Half-Sync/Half-Async — Professional Level

Source: POSA2 — Pattern-Oriented Software Architecture, Vol. 2 (Schmidt et al.) Category: Concurrency"Patterns for coordinating work across threads, cores, and machines." Prerequisite: senior.md

Table of Contents

  1. Introduction
  2. Internals of a Real System
  3. Memory Model and Visibility (handoff across the queue)
  4. Performance: Cost of the Cross-Layer Copy & Wakeup
  5. Performance: Reducing the Handoff Tax
  6. Cross-Language Comparison
  7. Microbenchmark Anatomy
  8. Diagrams
  9. Related Topics

Introduction

This page goes under the hood of two real Half-Sync/Half-Async systems — the Android Looper/Handler + worker threads and the OS interrupt top-half/bottom-half — and then quantifies the two costs that define the pattern's performance ceiling: the cross-layer memory copy and the cross-thread wakeup. If senior level was "how to design the boundary," professional level is "what the boundary costs in nanoseconds and cache lines, and how the production systems claw those costs back."

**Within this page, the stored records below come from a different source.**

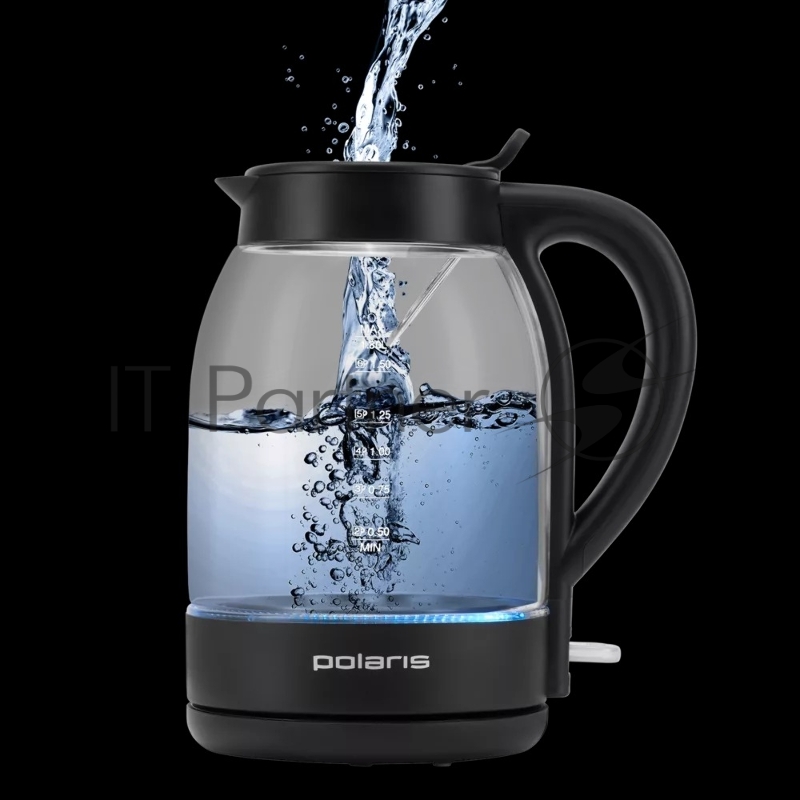 Чайник Polaris PWK-1797-СGL, 2200вт, 1,8л, стекло, черный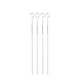 Brochettes de viande barbecue BBQ 38cm 4 pièces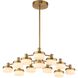 Wedge 12 Light 40.63 inch Warm Brass Chandelier Ceiling Light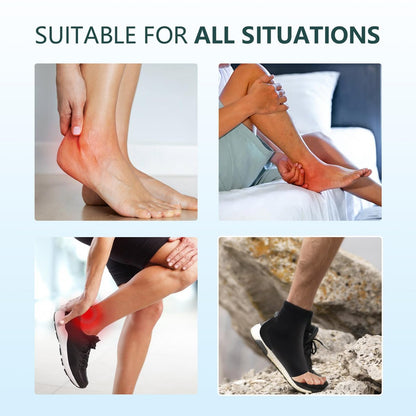 Promifun Premium Gel-Fersenstrümpfe – Kompressions-Fersenschoner für Haglund-Ferse, Bursitis, Tendonitis & Empfindlichkeit – 1 Paar, Reguläre Größe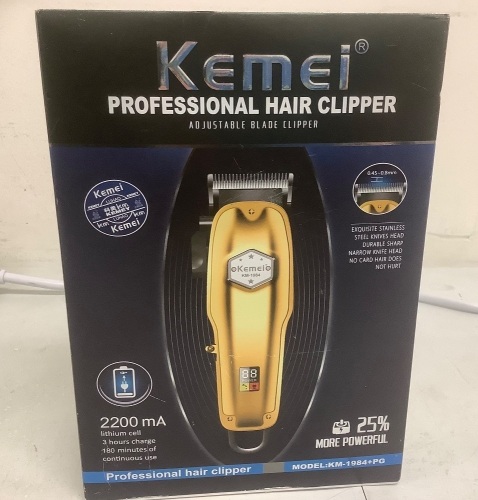 Kemei Hair Clipper, Untested, E-Commerce Return - Lot 402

Internals of a Real System

Android: main Looper/Handler (async) + worker threads (sync)

Android's UI concurrency is Half-Sync/Half-Async, with the main thread as the async layer:

  • The main thread runs a Looper — an event loop pulling Messages off a MessageQueue. This is the async layer: it must never block (a few hundred ms of blocking trips the "Application Not Responding" watchdog). It dispatches input events, draws frames, and posts heavy work elsewhere.
  • Handler.post(Runnable) / Handler.sendMessage enqueues onto a target thread's MessageQueue. The MessageQueue is the queueing layer — a priority queue ordered by when (timestamp), drained by exactly one Looper.
  • HandlerThread or an Executor is the sync layer: a background thread with its own Looper, or a thread pool, that runs the blocking work (disk, network parse, DB). When done, it posts the result back to the main Handler, crossing the boundary the other direction.
// SYNC layer: a HandlerThread doing blocking work
HandlerThread worker = new HandlerThread("io-worker");
worker.start();
Handler bg = new Handler(worker.getLooper());           // sync-side queue + loop
Handler ui = new Handler(Looper.getMainLooper());       // async-side queue + loop

// ASYNC layer (main thread) posts work and returns immediately:
bg.post(() -> {
    Bitmap b = decodeFromDisk(path);                    // BLOCKS — fine on worker
    ui.post(() -> imageView.setImageBitmap(b));         // hand result back to async layer
});

MessageQueue internally uses epoll on a pipe/eventfd: when empty, the Looper blocks in nativePollOnce() (the sanctioned blocking point, exactly like select()), woken by a write to the eventfd when a message is enqueued from another thread. So the cross-thread post cost is: enqueue under a lock + an eventfd write (one syscall) to wake the target loop. That eventfd write is the wakeup tax this pattern pays per handoff.

OS kernel: interrupt top-half (async) → softirq/workqueue bottom-half (sync)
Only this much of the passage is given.